§ AIM OF THE EXERCISE
Once you have read the listing, print all of it word for word.

§ SOURCE INFORMATION
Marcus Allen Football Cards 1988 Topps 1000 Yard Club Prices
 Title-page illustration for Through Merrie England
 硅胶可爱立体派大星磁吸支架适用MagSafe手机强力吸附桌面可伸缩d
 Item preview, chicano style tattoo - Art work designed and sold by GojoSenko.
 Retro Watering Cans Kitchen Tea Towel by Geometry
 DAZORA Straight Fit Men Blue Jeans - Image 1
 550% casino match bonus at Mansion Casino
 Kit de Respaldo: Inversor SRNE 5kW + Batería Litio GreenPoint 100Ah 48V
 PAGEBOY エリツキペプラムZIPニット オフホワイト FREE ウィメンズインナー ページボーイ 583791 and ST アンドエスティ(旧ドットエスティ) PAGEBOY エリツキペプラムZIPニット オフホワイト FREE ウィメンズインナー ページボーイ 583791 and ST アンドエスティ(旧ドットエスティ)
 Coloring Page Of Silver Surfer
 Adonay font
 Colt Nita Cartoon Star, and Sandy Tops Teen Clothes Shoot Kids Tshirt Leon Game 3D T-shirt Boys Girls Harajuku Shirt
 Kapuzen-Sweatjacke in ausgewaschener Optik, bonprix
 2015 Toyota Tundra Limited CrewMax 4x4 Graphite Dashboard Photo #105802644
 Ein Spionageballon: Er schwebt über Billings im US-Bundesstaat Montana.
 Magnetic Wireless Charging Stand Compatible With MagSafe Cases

§ RESPONSE AREA
Marcus Allen Football Cards 1988 Topps 1000 Yard Club Prices
 Title-page illustration for Through Merrie England
 硅胶可爱立体派大星磁吸支架适用MagSafe手机强力吸附桌面可伸缩d
 Item preview, chicano style tattoo - Art work designed and sold by GojoSenko.
 Retro Watering Cans Kitchen Tea Towel by Geometry
 DAZORA Straight Fit Men Blue Jeans - Image 1
 550% casino match bonus at Mansion Casino
 Kit de Respaldo: Inversor SRNE 5kW + Batería Litio GreenPoint 100Ah 48V
 PAGEBOY エリツキペプラムZIPニット オフホワイト FREE ウィメンズインナー ページボーイ 583791 and ST アンドエスティ(旧ドットエスティ) PAGEBOY エリツキペプラムZIPニット オフホワイト FREE ウィメンズインナー ページボーイ 583791 and ST アンドエスティ(旧ドットエスティ)
 Coloring Page Of Silver Surfer
 Adonay font
 Colt Nita Cartoon Star, and Sandy Tops Teen Clothes Shoot Kids Tshirt Leon Game 3D T-shirt Boys Girls Harajuku Shirt
 Kapuzen-Sweatjacke in ausgewaschener Optik, bonprix
 2015 Toyota Tundra Limited CrewMax 4x4 Graphite Dashboard Photo #105802644
 Ein Spionageballon: Er schwebt über Billings im US-Bundesstaat Montana.
 Magnetic Wireless Charging Stand Compatible With MagSafe Cases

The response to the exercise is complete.